真実の愛は何色でしょうか。今回の幼少期レムのスタイリングを通して、私は淡いブルーとピンクパープルを基調としてその問いに答えました。まだ世間を知らない、純粋でちょっぴりあどけない幼少期のレムの雰囲気を再現するため、ヘアメイクには細部までこだわりを尽くしました。まずはウィッグですが、幼い印象に近づけるため、丁寧に毛量を調整した淡い青紫色のボブを選び、前髪を揃えて切り揃えることで丸みのあるフェイスラインを自然に引き立て、視覚的により幼く見えるようにしました。カラコンには透明感の高いアイスブルーを選び、目尻を自然に拡張して下まつげを強調したアイメイクと組み合わせることで、澄んだ生き生きとした眼差しを演出しました。
衣装も今回の撮影において極めて重要な鍵となりました。白地のジャカード織りの和服を特注し、襟元や袖口には深みのある藍色の太幅の縁取りを施しました。この配色はキャラクター本来のデザインに忠実そのものです。上品な織り柄が主張しすぎず、顔周りの視線を奪うこともありません。頭元にピンクの十字ピンと桜の髪飾りを添えることで、愛らしさがぐっと引き立ちました。撮影用に用意した小道具は2組。鮮やかな青リンゴと、ピンクやブルーの花模様が入った巾着袋です。

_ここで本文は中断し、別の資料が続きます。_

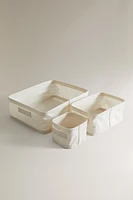 LINEN ORGANIZER BASKET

青リンゴを小道具として取り入れたことで、画面の色彩コントラストが高まっただけでなく、写真に爽やかな少女感を添えることができました。
ライティングにも特別な調整を施し、全体として幻想的なディフューズ光を基調としました。背景には淡いピンクと青緑のグラデーションを用い、寒色と暖色が織りなす柔らかな光の輪で、幼少期レムの無垢で純粋な空気感を包み込みました。幼少期の設定であるため、両手で青リンゴを持って顎元を隠したり、首をかしげながら小さな巾着を手に振り返ったりと、仕草も意識して無邪気で幼いニュアンスを追求し、できる限り自然体なポーズでキャラクターの心情に寄り添いました。

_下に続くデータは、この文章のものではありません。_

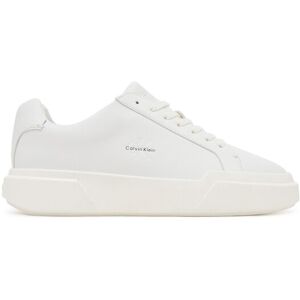 Calvin Klein Sneakersy Chunky Cupsole Laceup Lth Wn YW0YW01947 Biela Ženy Calvin Klein Sneakersy Chunky Cupsole Laceup Lth Wn YW0YW01947 Biela Ženy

『Re:ゼロから始める異世界生活』の物語において、レムは非常に奥深く、そしてどこまでも優しいキャラクターです。幼少期のレムには後のような決断力はまだないかもしれませんが、その純粋無垢な輝きこそ表現する価値に満ちています。この幼少期の姿を忠実に再現するため、少し肩の力を抜いて軽く胸をすぼめたり首を傾げたりと、二次元としての再現度と実写写真ならではのリアルな質感の黄金比を見出すよう努めました。レタッチでは過度なフィルター加工を避け、きめ細やかな素肌の質感をそのまま大切に残しました。小道具やウィッグ、衣装の準備は手間がかかりましたが、完成した写真を目にしたとき、すべての努力が報われたと実感しました。今回の撮影では細やかな動的スナップにも挑戦し、幼少期レムのより豊かな表情や奥行きを表現できたと思います。終始リラックスした良いコンディションで撮影に臨めましたので、この表現を通じて、彼女の内に秘めた柔らかくも芯のある一面を感じていただければ幸いです。